Exercise objective = In the entries below, the lines from the one with "Green alligator mascot" through the one with "VENTURE DESIGN Vikelund" are to be copied exactly; both ends count.

Given records =
-- -- --

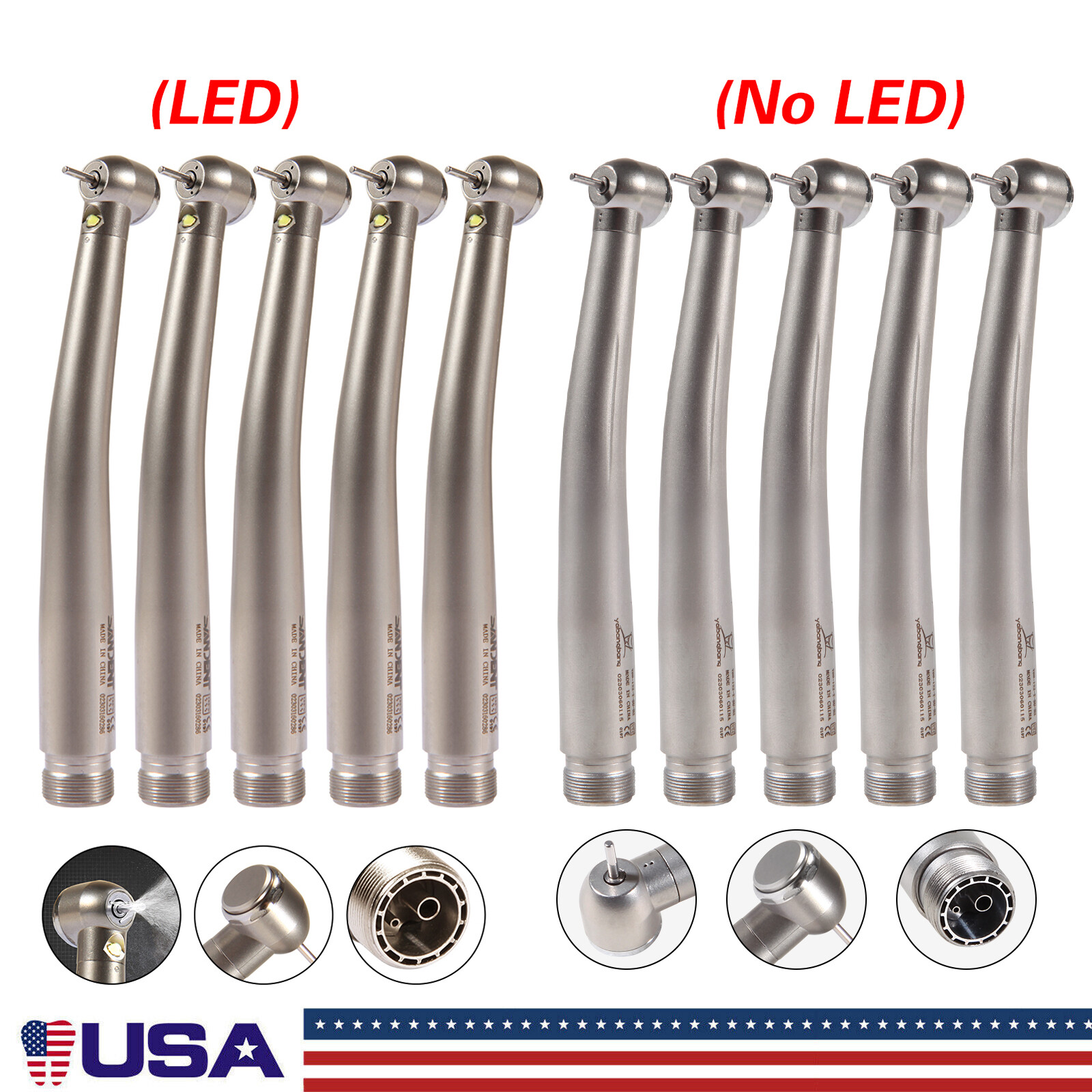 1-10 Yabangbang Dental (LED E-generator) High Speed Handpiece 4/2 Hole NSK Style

-- -- --

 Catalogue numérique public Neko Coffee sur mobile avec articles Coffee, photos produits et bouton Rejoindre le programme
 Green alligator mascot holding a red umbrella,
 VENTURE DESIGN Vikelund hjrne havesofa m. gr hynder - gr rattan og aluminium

-- -- --

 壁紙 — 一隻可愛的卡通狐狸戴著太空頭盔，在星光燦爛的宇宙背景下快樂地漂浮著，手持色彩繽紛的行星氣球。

-- -- --

Written solution =
 Green alligator mascot holding a red umbrella,
 VENTURE DESIGN Vikelund hjrne havesofa m. gr hynder - gr rattan og aluminium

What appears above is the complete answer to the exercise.